Material for the task:
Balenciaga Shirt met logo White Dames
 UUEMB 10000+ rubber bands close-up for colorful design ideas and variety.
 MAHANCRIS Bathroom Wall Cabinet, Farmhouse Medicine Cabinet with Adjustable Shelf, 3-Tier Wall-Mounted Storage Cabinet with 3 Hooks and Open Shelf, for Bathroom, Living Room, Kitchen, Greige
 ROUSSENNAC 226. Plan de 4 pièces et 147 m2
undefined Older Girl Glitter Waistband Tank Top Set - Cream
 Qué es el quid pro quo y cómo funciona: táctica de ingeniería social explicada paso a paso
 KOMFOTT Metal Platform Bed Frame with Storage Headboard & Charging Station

Task to complete:
Quote the data above verbatim from its first line to the line that includes "Qué es el quid", with both boundary lines retained.

Output for this task:
Balenciaga Shirt met logo White Dames
 UUEMB 10000+ rubber bands close-up for colorful design ideas and variety.
 MAHANCRIS Bathroom Wall Cabinet, Farmhouse Medicine Cabinet with Adjustable Shelf, 3-Tier Wall-Mounted Storage Cabinet with 3 Hooks and Open Shelf, for Bathroom, Living Room, Kitchen, Greige
 ROUSSENNAC 226. Plan de 4 pièces et 147 m2
undefined Older Girl Glitter Waistband Tank Top Set - Cream
 Qué es el quid pro quo y cómo funciona: táctica de ingeniería social explicada paso a paso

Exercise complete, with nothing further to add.